- _EXERCISE OBJECTIVE_
What is needed is an exact copy of the lines in the listing below, from the one with "Rae Dunn Cookies for Santa Baby Canister" up to and including the one with "Dart® Concorde Foam", with no other lines.

- _EXERCISE DATA_

***

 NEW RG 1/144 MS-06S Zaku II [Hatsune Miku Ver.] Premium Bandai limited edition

***

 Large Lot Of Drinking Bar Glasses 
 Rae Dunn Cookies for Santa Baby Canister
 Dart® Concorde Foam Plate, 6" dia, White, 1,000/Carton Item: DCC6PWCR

***

- _SOLUTION FOR THIS PROBLEM_
 Rae Dunn Cookies for Santa Baby Canister
 Dart® Concorde Foam Plate, 6" dia, White, 1,000/Carton Item: DCC6PWCR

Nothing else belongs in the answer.